The law has nothing to do with it. Amazon is a private company and can make rules about who can or can't place orders on its website. When you create an account you agree to their ToS.
"autonomous or semi-autonomous" is the key phrase. If you manually invoke a curl command then no, it isn't an agent. If you write code that itself determines when and how to invoke that command then it is.
Am I not manually instructing the agent to buy a certain product?
What if I set up a cron job to buy a certain product every month - is that not autonomous? What if it is first querying my live toilet paper sticks to make the decision?

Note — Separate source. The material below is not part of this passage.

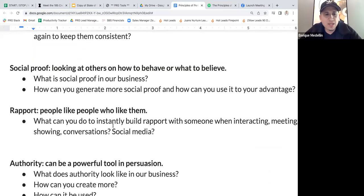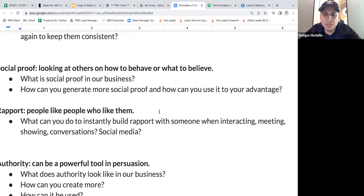The next principle is rapport — people like people who like them. What can you do to instantly build rapport with someone in meetings, showings, or conversations? What can you do to build rapport on social media? Rapport is all about being likable — your energy, your attitude.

Exactly. It's software - `curl` or LLM. It's a function that accepts input and produces output. One is much more sophisticated that the other, but it's made out of the same machine instructions, there is no magic.

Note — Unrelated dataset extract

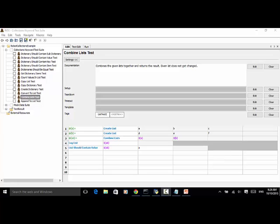Welcome to Selenium Master video tutorial. In this video tutorial, I will teach you how to combine lists in Robot Framework Test Automation.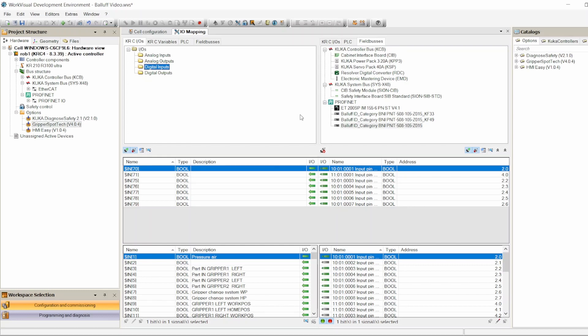In this video we will be configuring the grippers on KUKA robot using WorkVisual, assigning inputs and outputs to the gripper commands. This video continues from the previous video where we added a PROFINET module to the KUKA robot. We added a PROFINET module IO so we can connect the physical inputs and outputs — the proxies, the solenoid valves — to that IO module. After connecting those physical inputs and outputs, we assigned them from the module to the KUKA robot using WorkVisual.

What's the criteria that makes one function "autonomous" and the other one "manual"? I feel it really boils down to this.
I don't think GP meant "legal" in the literal sense. Regardless, the post's meaning is still the same if you replace "Is this legal?" with "Does this conform to Amazon's ToS?", so please read it charitably and avoid being pedantic about this sort of thing.
And they even provide a definition of what an Agent is:
"Agent” means any software or service that takes autonomous or semi-autonomous action on behalf of, or at the instruction of, any person or entity.
Though to me it raises even more questions. What is a software that takes "autonomous" action on my behalf. Is curl "autonomous"?